WHAT YOU WILL DO =>
Scan the material below for the string "femme", and copy every line where it shows up.

GIVEN INFORMATION =>

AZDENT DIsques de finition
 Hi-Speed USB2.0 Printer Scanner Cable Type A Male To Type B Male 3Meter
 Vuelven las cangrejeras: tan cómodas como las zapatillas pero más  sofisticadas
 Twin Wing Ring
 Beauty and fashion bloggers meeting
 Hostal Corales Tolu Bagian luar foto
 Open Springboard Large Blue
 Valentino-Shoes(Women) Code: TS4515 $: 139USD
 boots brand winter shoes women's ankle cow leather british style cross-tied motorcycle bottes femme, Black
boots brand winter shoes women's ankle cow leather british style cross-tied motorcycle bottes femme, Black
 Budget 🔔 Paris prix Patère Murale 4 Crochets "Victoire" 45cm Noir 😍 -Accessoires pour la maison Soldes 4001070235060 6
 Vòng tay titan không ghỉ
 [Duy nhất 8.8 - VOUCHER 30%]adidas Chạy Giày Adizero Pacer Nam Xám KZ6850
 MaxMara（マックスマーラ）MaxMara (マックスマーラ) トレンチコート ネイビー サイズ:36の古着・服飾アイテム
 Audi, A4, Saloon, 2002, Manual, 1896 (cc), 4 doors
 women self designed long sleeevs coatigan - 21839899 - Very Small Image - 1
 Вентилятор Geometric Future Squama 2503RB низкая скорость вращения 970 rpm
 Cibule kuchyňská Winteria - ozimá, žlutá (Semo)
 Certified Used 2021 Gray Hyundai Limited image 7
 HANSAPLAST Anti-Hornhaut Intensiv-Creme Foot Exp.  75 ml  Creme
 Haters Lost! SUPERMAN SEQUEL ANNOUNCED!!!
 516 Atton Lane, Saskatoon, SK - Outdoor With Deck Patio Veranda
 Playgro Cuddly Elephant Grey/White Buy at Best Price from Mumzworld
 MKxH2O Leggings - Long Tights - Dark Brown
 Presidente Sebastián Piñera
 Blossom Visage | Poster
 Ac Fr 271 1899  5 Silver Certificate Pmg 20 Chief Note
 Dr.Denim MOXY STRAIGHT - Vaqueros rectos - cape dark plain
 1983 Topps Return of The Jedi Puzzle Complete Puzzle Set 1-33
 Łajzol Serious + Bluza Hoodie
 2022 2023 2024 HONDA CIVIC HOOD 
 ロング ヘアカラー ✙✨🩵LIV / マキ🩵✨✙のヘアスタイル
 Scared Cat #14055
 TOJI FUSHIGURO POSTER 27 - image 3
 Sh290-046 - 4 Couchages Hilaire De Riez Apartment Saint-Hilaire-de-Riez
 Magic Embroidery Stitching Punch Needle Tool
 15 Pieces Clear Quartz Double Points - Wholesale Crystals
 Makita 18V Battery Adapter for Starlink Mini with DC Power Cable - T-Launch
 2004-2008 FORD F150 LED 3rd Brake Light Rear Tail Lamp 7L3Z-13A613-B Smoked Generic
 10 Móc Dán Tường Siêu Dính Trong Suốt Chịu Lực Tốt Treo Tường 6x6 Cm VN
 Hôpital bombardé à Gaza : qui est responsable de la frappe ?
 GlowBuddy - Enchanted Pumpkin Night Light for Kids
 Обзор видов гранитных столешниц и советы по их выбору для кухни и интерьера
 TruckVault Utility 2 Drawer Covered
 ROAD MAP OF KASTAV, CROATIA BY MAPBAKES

OUTPUT BELOW =>
 boots brand winter shoes women's ankle cow leather british style cross-tied motorcycle bottes femme, Black
boots brand winter shoes women's ankle cow leather british style cross-tied motorcycle bottes femme, Black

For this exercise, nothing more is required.